DoH in firefox has been switched off as well. Should I disable DoH on the router as well? I am not sure how it affects my issue.

Not sure how the DoH works in OpenWRT, but if it bypasses dnsmasq, you'll have to reconfigure, and put dnsmasq in the middle.

Client -> dnsmasq -> DoH upstream resolver

I turned off and disabled DoH in the router as well, but the issue is not resolved. I have changed the dns servers in my router to google, but dnsleaktest.com still says my isp is cloudflare.

I'm thinking there's something going on with my DoH settings and that they may be the cause of this issue. I'm trying to see if the settings have persisted. If you have any advice, please let me know!

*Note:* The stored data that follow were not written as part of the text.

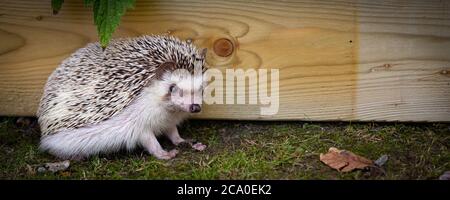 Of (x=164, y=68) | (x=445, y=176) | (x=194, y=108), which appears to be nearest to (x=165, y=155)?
(x=194, y=108)

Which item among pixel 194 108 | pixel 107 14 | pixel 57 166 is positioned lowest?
pixel 57 166

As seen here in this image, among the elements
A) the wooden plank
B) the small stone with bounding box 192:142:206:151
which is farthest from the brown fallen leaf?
the small stone with bounding box 192:142:206:151

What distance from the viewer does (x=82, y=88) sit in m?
2.80

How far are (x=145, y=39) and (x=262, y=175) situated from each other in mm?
932

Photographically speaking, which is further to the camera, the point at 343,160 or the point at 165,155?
the point at 165,155

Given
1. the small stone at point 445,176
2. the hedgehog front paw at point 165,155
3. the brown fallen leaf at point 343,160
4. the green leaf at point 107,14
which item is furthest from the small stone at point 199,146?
the small stone at point 445,176

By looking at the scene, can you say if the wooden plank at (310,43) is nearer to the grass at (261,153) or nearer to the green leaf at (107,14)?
the grass at (261,153)

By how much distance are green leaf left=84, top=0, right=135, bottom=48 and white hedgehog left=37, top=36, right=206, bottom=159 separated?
0.83 feet

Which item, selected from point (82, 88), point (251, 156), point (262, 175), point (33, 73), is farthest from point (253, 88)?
point (33, 73)

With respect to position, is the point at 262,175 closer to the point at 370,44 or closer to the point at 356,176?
the point at 356,176

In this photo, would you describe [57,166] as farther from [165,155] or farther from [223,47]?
[223,47]

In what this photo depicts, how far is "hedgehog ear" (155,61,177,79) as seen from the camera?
277 cm

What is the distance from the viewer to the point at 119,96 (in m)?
2.77

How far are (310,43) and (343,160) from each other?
2.26 ft
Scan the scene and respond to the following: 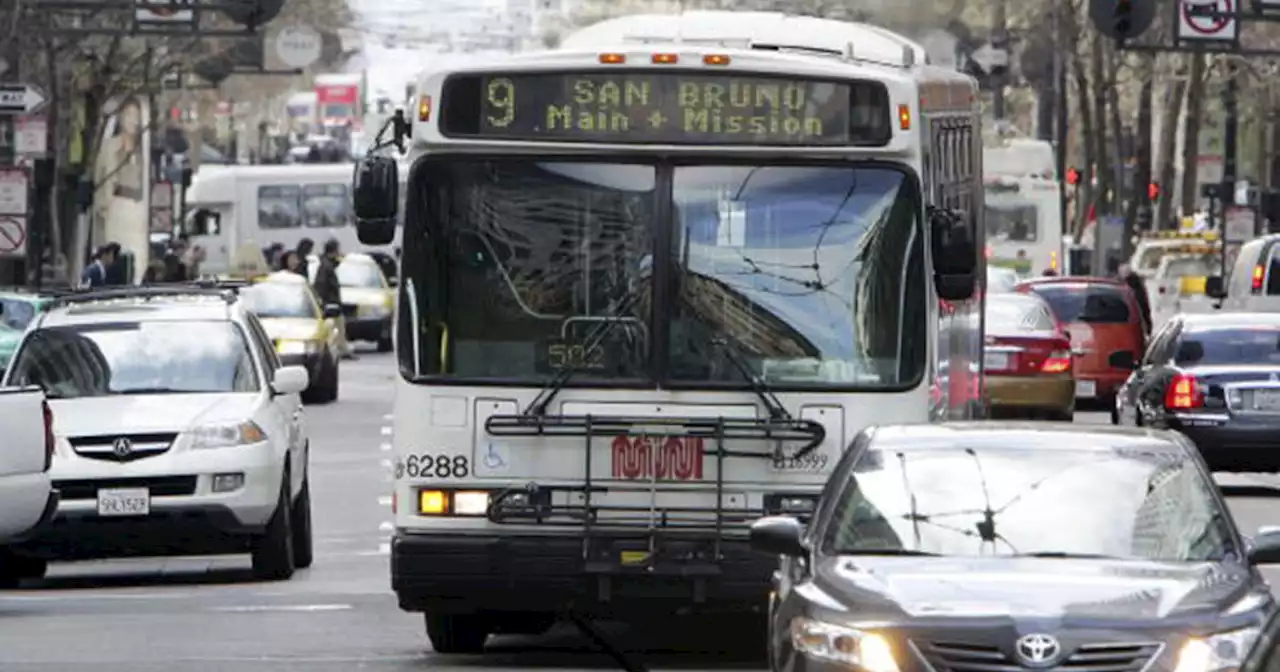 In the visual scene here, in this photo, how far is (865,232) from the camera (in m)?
15.4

Thanks for all the help so far.

Since nslookup returns the correct IP, I'd say the issues on the client.

You can solve it in OpenWRT, question is, do you want to.

You can solve it in OpenWRT, question is, do you want to

The DNS hijacking has been implemented. Is there anything else i should do?

I tested from another desktop on my network and it seems to work fine. I noticed that my wireless devices, including my phone, were the ones with this issue, so I changed the dns server in my wireless AP to the openwrt router. I tried turning off the internet and accessing example.com through my phone, which started working without issues.

I think setting the DNS in my wireless AP solved the issue with my phone, but not my laptop. Like you said, the problem is probably an issue with my client. The openwrt config is also correct as far as I can tell.

all of it, or only the port 53 part, you posted earlier ?

shouldn't really matter if you hijack all DNS related traffic.

Yes, just port 53. Is there any other port i should cover?

Android devices use DoT on OS level, that one's easy to block, it's just one port.
DoH is harder, since you need to block it based on IP, using the BanIP package.

It's all in the DNS hijacking link.

I blocked DoT and DoH with BanIP, but my mac still had this issue. In the end I decided to poke around my network settings a bit more, and found that I had implemented DoH on the mac at a system level sometime back. Once I removed that, everything worked as intended.

Thanks @frollic @trendy @xize for your help!

This topic was automatically closed 10 days after the last reply. New replies are no longer allowed.